### Entries supplied
*** Begin section ***

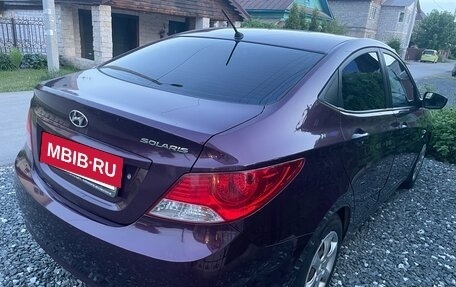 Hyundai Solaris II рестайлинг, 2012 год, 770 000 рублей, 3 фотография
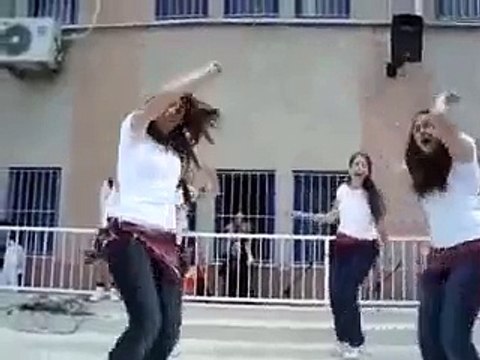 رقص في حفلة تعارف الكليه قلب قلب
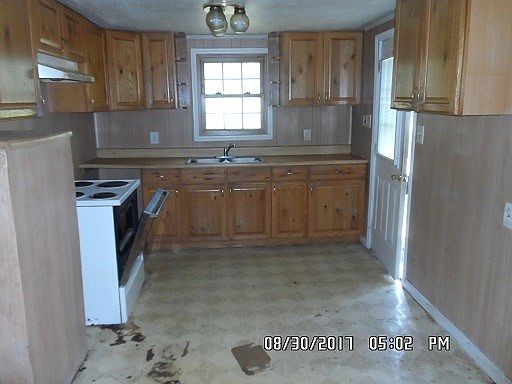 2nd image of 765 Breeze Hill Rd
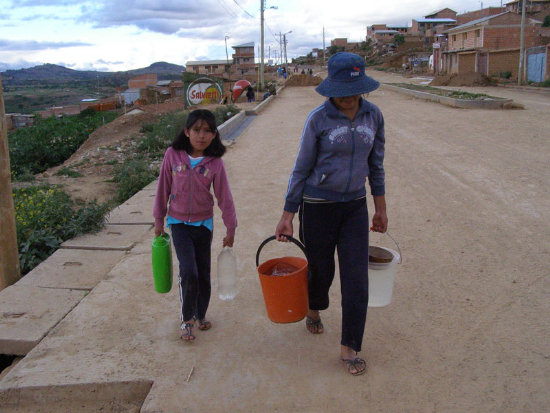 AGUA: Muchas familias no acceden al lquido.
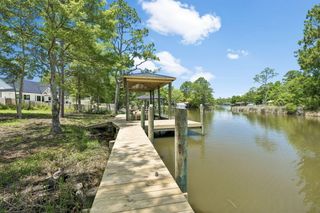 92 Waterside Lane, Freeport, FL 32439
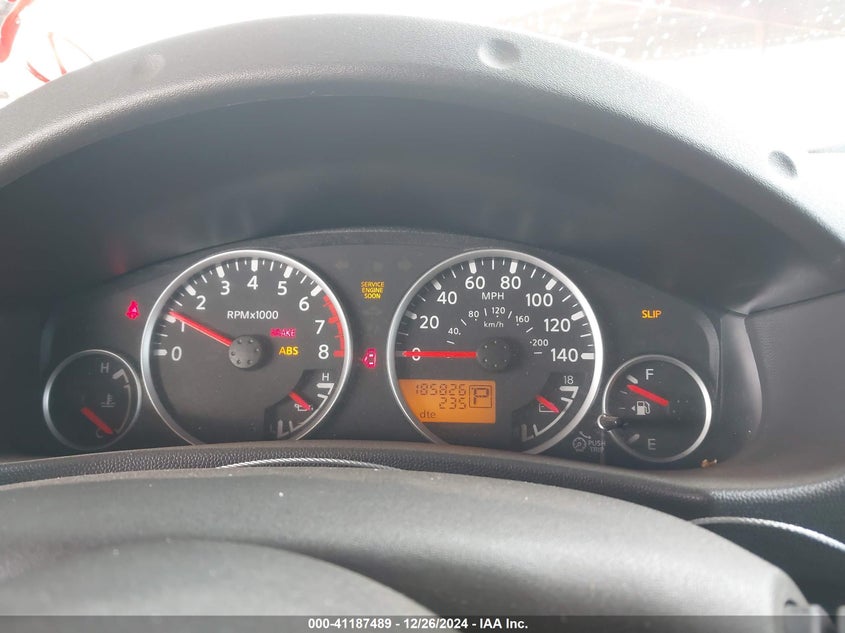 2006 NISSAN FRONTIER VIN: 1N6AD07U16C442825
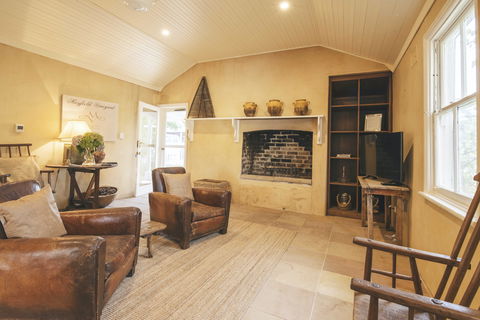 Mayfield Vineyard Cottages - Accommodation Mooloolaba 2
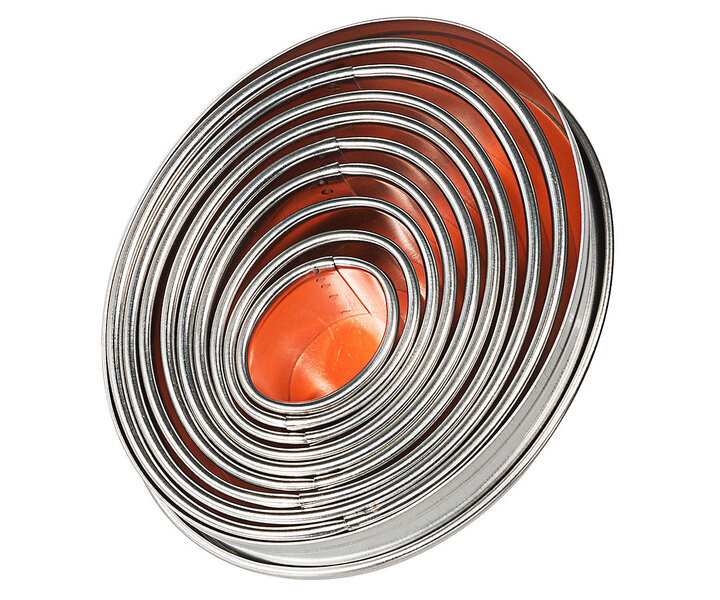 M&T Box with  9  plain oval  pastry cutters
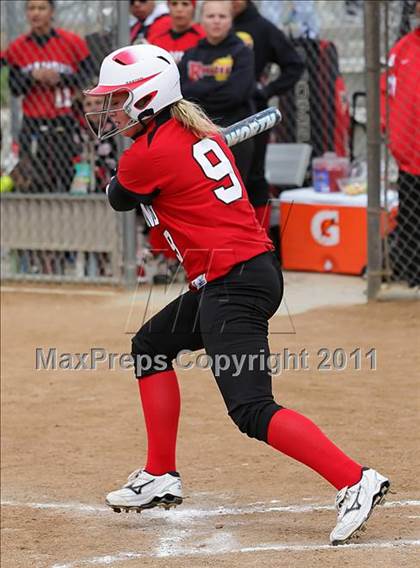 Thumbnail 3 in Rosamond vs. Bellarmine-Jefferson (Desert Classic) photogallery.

*** End section ***
*** Begin section ***

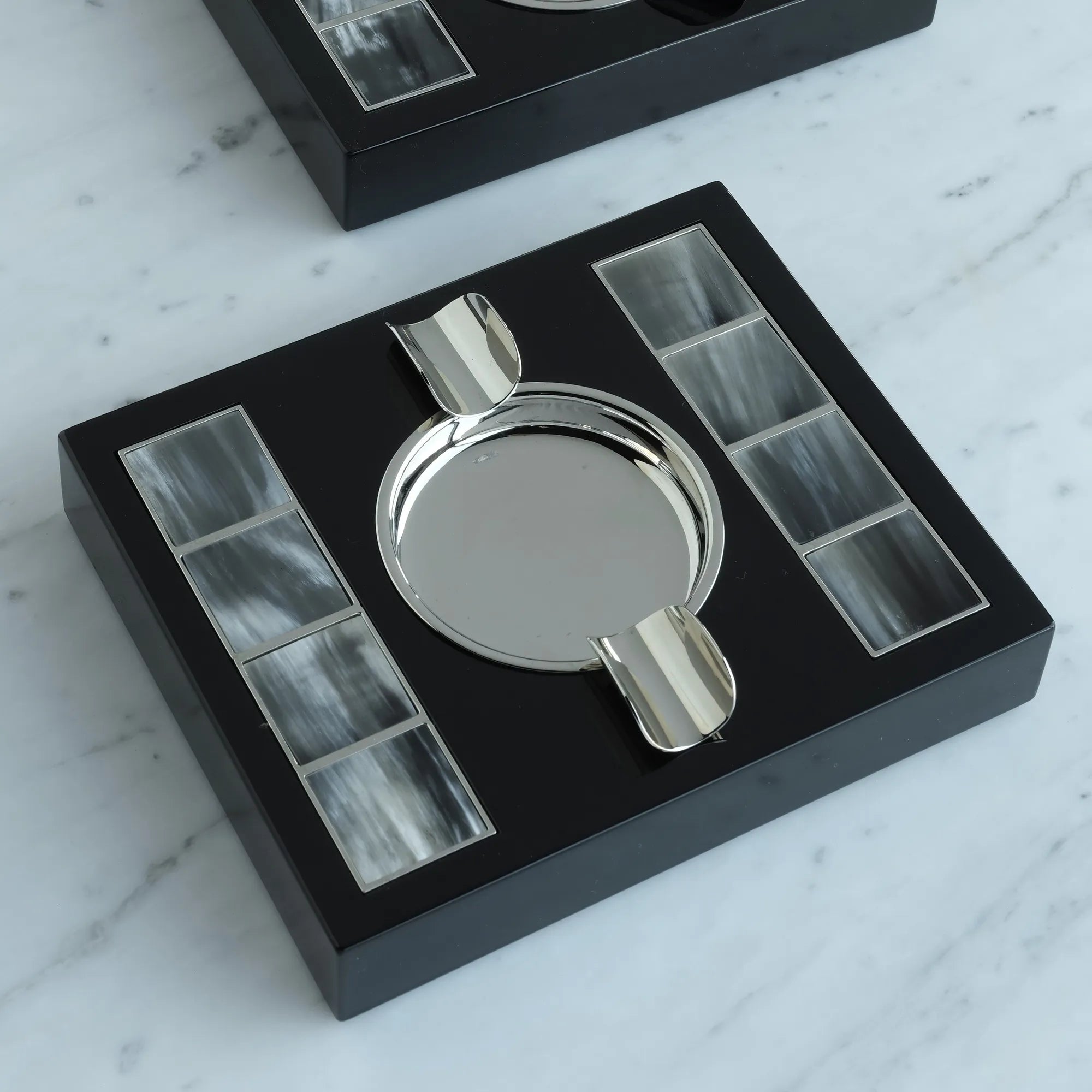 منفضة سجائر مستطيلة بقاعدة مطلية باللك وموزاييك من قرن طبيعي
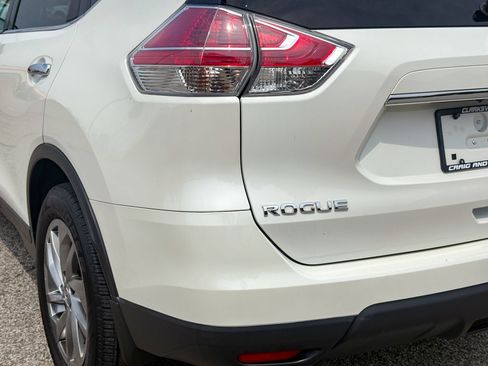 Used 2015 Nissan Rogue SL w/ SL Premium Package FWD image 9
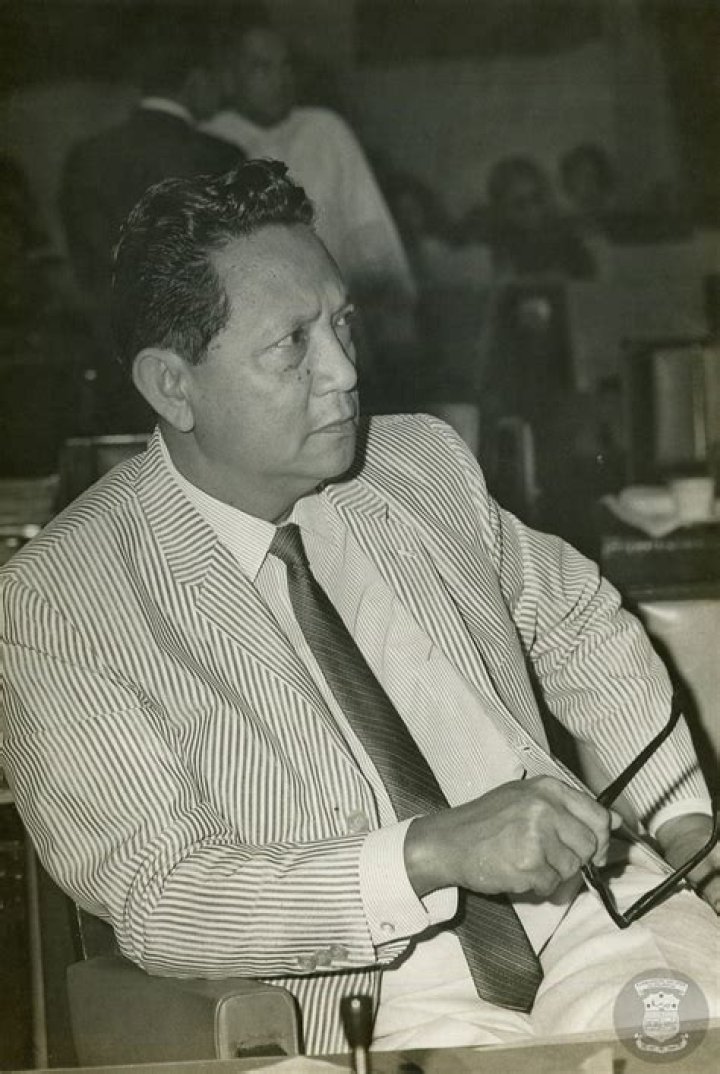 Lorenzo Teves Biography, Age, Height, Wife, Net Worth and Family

*** End section ***
*** Begin section ***

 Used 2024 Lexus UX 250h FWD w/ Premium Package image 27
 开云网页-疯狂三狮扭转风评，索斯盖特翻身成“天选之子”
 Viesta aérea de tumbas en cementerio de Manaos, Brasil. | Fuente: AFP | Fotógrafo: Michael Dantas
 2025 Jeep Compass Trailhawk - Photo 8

*** End section ***

Skip every picture, and restate word for word only the lines above from the line containing "92 Waterside Lane, Freeport, FL 32439" to the line containing "Thumbnail 3 in", both of them included.

### Output of the exercise
 92 Waterside Lane, Freeport, FL 32439
 2006 NISSAN FRONTIER VIN: 1N6AD07U16C442825
 Mayfield Vineyard Cottages - Accommodation Mooloolaba 2
 M&T Box with  9  plain oval  pastry cutters
 Thumbnail 3 in Rosamond vs. Bellarmine-Jefferson (Desert Classic) photogallery.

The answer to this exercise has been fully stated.